Comments on NIST Draft SP 800-160

[I emailed these comments to NIST last week. I've never read NIST standards documents before, so my response may be entirely naive, but since it is my tax dollars at work, I thought I'd put in my two cents.]

Subject: Draft SP 800-160 Comments

I read with great interest the DRAFT Systems Security Engineering: An Integrated Approach to Building Trustworthy Resilient Systems http://csrc.nist.gov/publications/PubsDrafts.html#800-160

I'd like to comment on two sections, "2.3.4 Security Risk Management" and "Chapter 3: Lifecycle".

2.3.4 Security Risk Management

This discusses ways to deal with risk: Avoid, Accept, Mitigate, Transfer. This is a very traditional view of risk. It would be more foreward thinking for the document to explain that avoiding risk increases risk over time when it causes people to get out of practice on how to handle the situation when it does arise. This means avoiding a risk adds risk!

For example consider the typical situation where, sadly, an upgrade process causes an outage. There are two paths one can take: (1) Avoidance: In the future avoid any any and all upgrades. (2) Increase: Do the process weekly until the process can be done seamlessly and all staff are fully trained at doing it.

The military understands this. They conduct drills constantly to maintain high skill levels and to flush out processes

I realize that 2.3.4 is describing a different kind of risk, but I'm sure there is some kind of analog can be found. For example, there are certain risks that we accept. If we accept it in one situation, we get out of practice on how to handle when that risk fails. However if we take that same kind of risk in many places, it becomes more apparent how to handle it better, mass-produce the situation, and that leads to dealing with it better. For example I used to keep private keys unencrypted on web servers because this was an acceptable risk. Eventually I had done that so many times that it became worthwhile to establish a key-store that would let me mass produce the process of distributing private keys. I can now change private keys globally very quickly. The system has better logging and such, which lets me track key use better and make smarter decisions. For example, I now am less likely to let a key be used past its expiration date. If I had avoided the risk, I would never had lead to a better way to manage the risk.

Chapter 3: Lifecycle

This section is very complete on the topics it covers but information is lacking with respect to the most important part of a system's lifecycle: upgrades.

The Heartbleed event was a stark reminder that one of the most important parts of security is the ability to confidently upgrade a system rapidly and frequently.

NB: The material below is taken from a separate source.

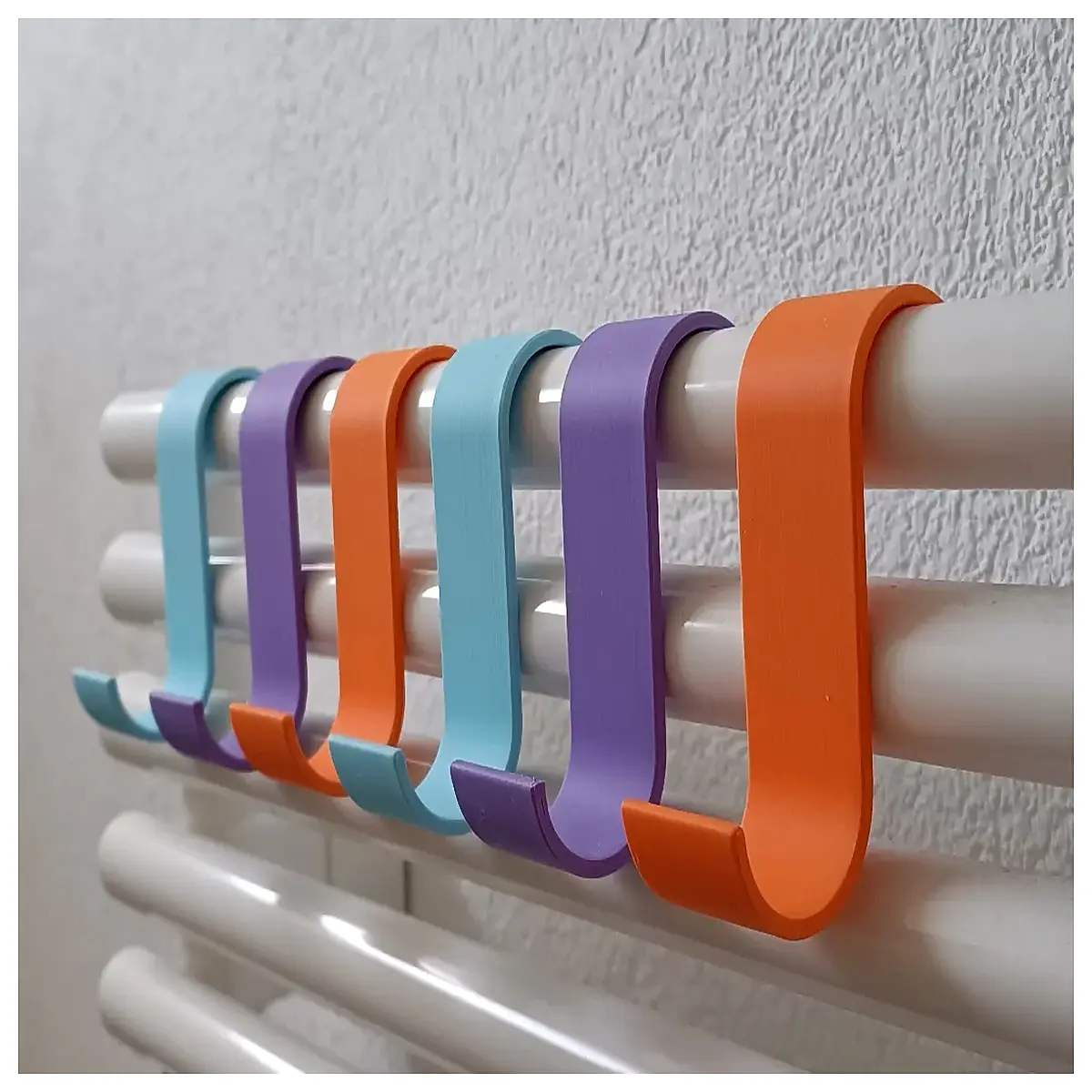 heated towel rail radiator bathroom warmers electric wall mounted heated towel hanger for hotel home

When Heartbleed was announced, most people were faced with the following fears: Fear that an upgrade would break something else. Fear that it wasn't well-understood how to upgrade that thing. Fear that the vendor didn't have an upgrade for that thing. Many of my coworkers were told, "Gosh, the last time we upgraded (that system) it didn't go well so we've been avoiding it ever since!"

If an enemy really wanted to destroy the security of the systems that NIST wants to protect, all he has to do is convince everyone to stop upgrading the software. The system will eventually crumble without requiring an actual attack!

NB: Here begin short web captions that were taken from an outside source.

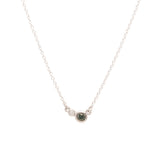 The Hunter Green Duo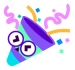 Cheers emote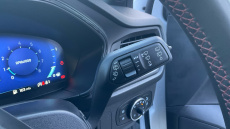 Ford Focus 1.0 EcoBoost ST-Line X 5dr Petrol Hatchback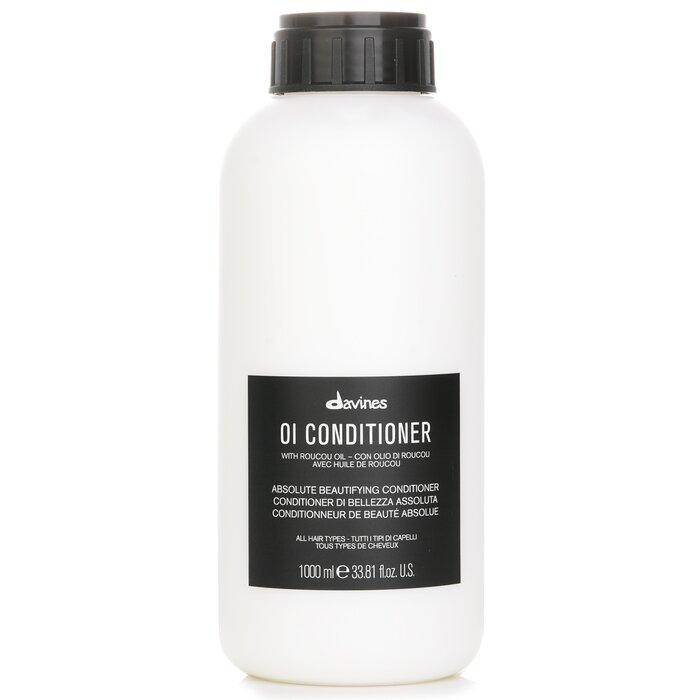 DAVINES OI Conditioner (Absolute Beautifying Conditioner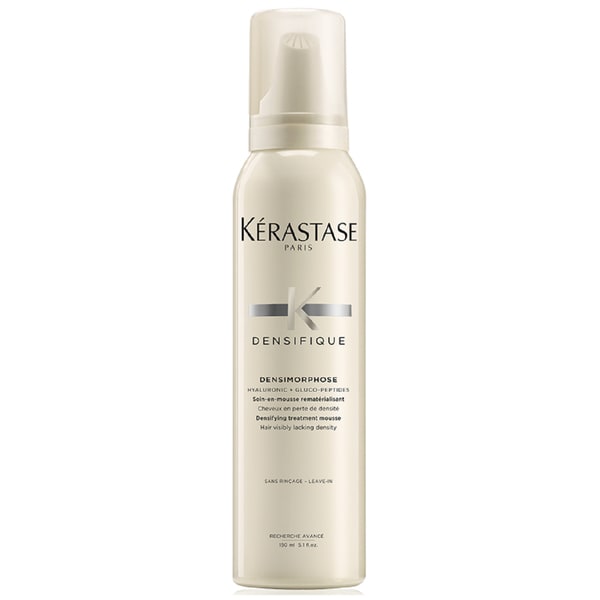 Kerastase Densifique Densimorphose Texturizing Mousse, 150 Ml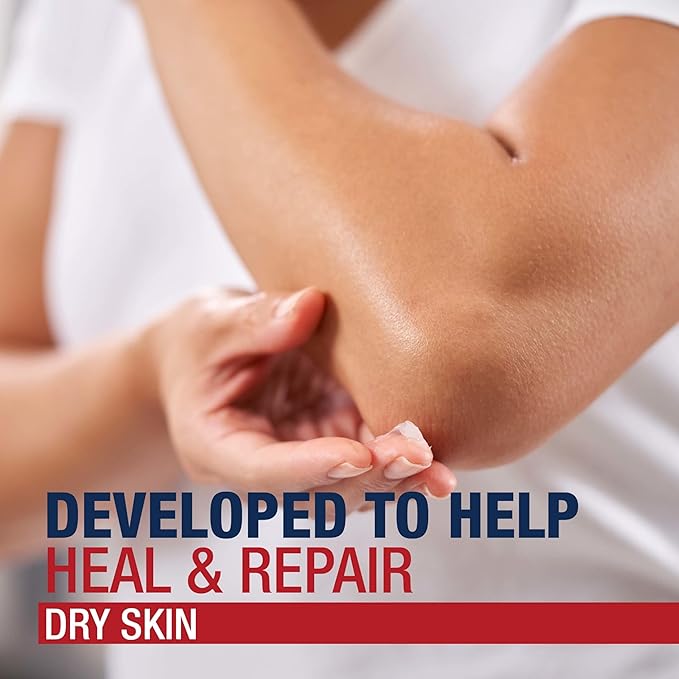 Aquaphor Advanced Therapy Healing Ointment, Hypoallergenic, Fragrance Free Body Moisturizer for Dry Skin and Minor Wound Care, Travel Size Skin Care Set, 1.75 Oz Tube, Pack of 3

This chapter is about "CREATING CREATING CREATING upgrading AND DISPOSAL" of the system. It should be about "creating UPGRADING UPGRADING UPGRADING and disposal" of the system.

Software is not a bicycle. A bicycle is purchased once and all future maintenance is done to retain its initial state. Software is ever changing. It is installed once and forever upgraded.

My concern is that Draft SP 800-160 treats technology systems like bicycles, not like software. This document must discourage this attitude. More and more all systems are fundamentally software, even if they externally appear to be hardware. It has been said that the Boeing 787 Dreamliner is a software product that happens to have wings. I recently inventoried my house and discovered that the majority of the "hardware" in my house is more software than hardware! I recently had to install a firmware upgrade for my PC's mouse!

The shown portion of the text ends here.